Он убирает руку со своего сердца. Но биение его все равно слышит: оно – слева и в висках, в ногах, в затылке. Везде!
– Значит, я не трус?
Она качает головой: нет.
– Но и не герой. Я боюсь смерти.
– Значит, впереди у тебя – дела.
– Какие дела?
Он даже надул и без того пухлые губы. Обиделся, как дитя. А она – холодная и умная, красивая и смелая – утверждает, что впереди у него – дела.
– Мы вольны над собою только отчасти. И вовсе не свободны даже в самом свободном городе мира – Афинах. Это только кажется нам, что свободны. Рок тяготеет над нами, и боги указуют дорогу. Незримые боги незримую дорогу! – Она воодушевляется: – Разве не так? Разве не боги ведут нас неведомо куда? Почему мы с тобою не на кладбище, рядом с нашими детьми, если мы так вольны над собою? Я спрашиваю тебя – почему?
– Философы говорят…
– Они болтают, а не говорят. Они очень разумны, пока беда не коснется их самих. Я знала одного такого. У себя, в Милете. Он говорил: человек превыше горя! Он говорил: сила человека побеждает беду! Он говорил: человек обязан познать самого себя и через это познание победить страх и несчастье! А когда у него почти одновременно умерли жена и мать, он рвал на себе волосы, подобно египетским женщинам, и причитал целый месяц, пока не умер с горя. Вот тебе и философ!
– Наш Сократ говорит…
– Что он говорит? – Аспазия становится еще холоднее от гнева ко всем философам.
– Он говорит, что выпьет цикуту, если придется.
– Врёт он!
– Ты не знаешь Сократа.
– Он – хороший, он – ленивый. Но он нагло врет про цикуту… Философы трусливы…
– Может быть, – говорит он и вздыхает.
Арктур глядит прямо на него сквозь квадратное окошко. Такой блестящий на небе.
– Трусливы не только философы, – говорит он.
– А кто еще?
– Например, бывшие стратеги.
Она молчит.
– Дела которых оборвались раньше их жизни.
Не глядя на него, не глядя на звезды, она говорит:
– Трусливы все мужчины…
Евангел сидел на грядке и полол ее. Отбрасывал на дорожку Какую-то травку. Прореживал ее. Такую светленькую, зелененькую, в которой соединились все нежности мира. И Перикл спросил себя: зачем он это делает? Чтобы не разрасталась или, напротив, чтобы ширилась по земле своим зелененьким стебельковым потомством?

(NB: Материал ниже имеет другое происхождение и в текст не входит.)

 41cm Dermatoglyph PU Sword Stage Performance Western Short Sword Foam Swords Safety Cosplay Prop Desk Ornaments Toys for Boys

Он долго наблюдал за ним. Раб трудился прилежно. Вонзал подобие ножа в землю, аккуратно выворачивал клок травы вместе с корнями и встряхивал ее. Зачем он это делал?

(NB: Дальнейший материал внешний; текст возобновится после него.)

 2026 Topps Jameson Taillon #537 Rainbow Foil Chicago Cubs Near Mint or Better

Было раннее утро. Небо такое же нежное и зеленое, как и трава на грядке. Звезды только что погасли. Даже ветер не успел проснуться. А Евангел уж трудится. Правда, он мог бы поручить это несложное дело какой-нибудь рабыни или рабу. Управителю дома не обязательно собственноручно полоть грядки.

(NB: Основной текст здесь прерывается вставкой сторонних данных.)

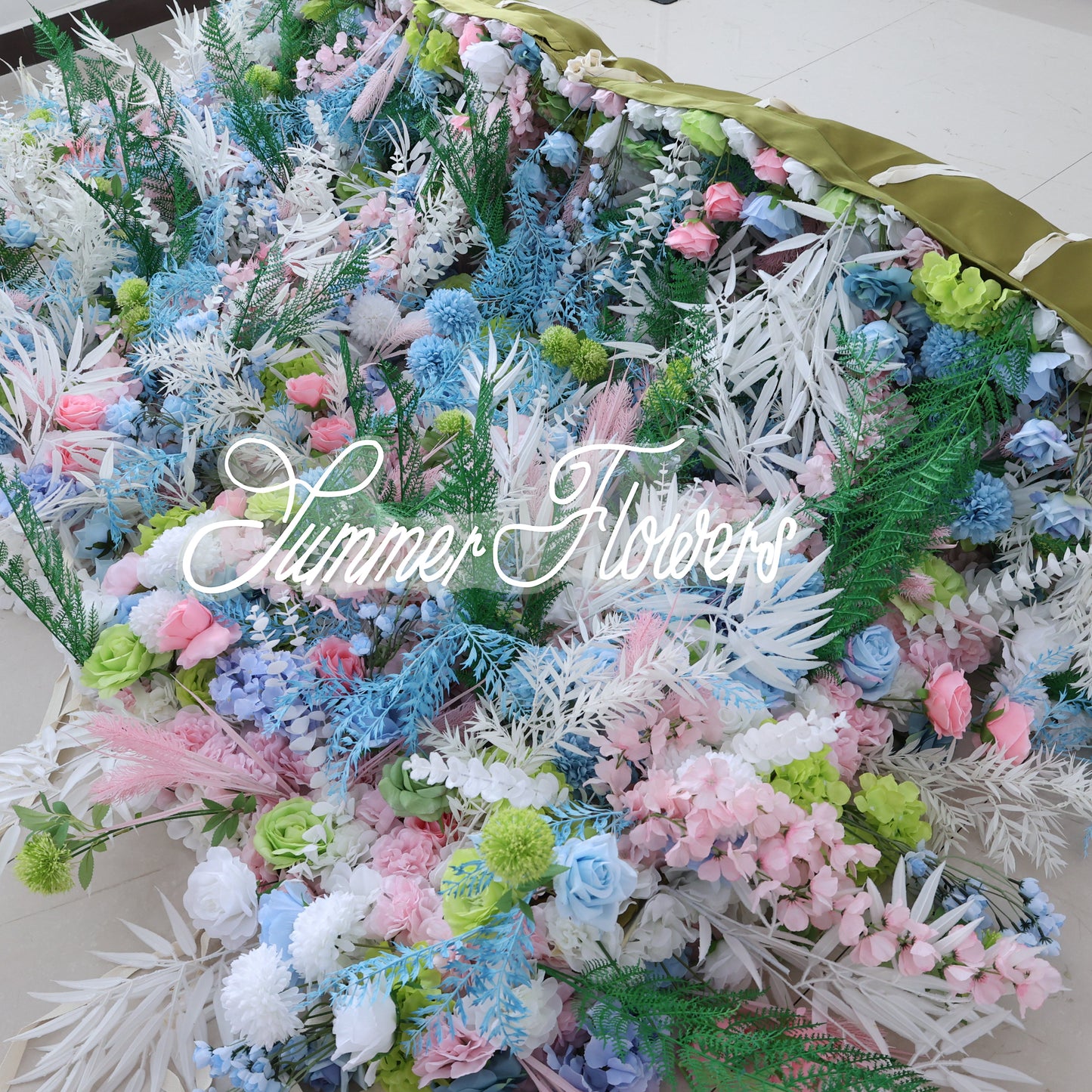 Summer Flower CB-456 8ft*8ft Cloth Back Artificial Flower Wall Roll up Fabric background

Перикл слегка кашлянул, чтобы подать знак Евангелу. Но тот не расслышал или сделал вид, что не расслышал хозяйского кашля. Перикл подошел совсем близко. А Евангел продолжал рвать траву. Не подымая головы. Его не занимали ни заря, ни поблекшие звезды, ни цвет неба. Евангел работал…
Хозяин позавидовал своему рабу. Его самозабвенной работе. Почему он, Перикл, не может вот так же забыться у грядки? Почему в голове у него мучительные мысли и видение смерти перед глазами? Аспазия не сказала этого прямо, но, наверное, от трусости. От чего же еще? Если не можешь сам уйти из этого мира, – значит, трус… Если мысль о смерти все время преследует тебя, – значит, ты трус… Но так ли это на самом деле? О чем же должен думать человек, как не о смерти? Только бараны бредут на живодерню без страха и сомнения. Только они!.. Да и то – кто знает?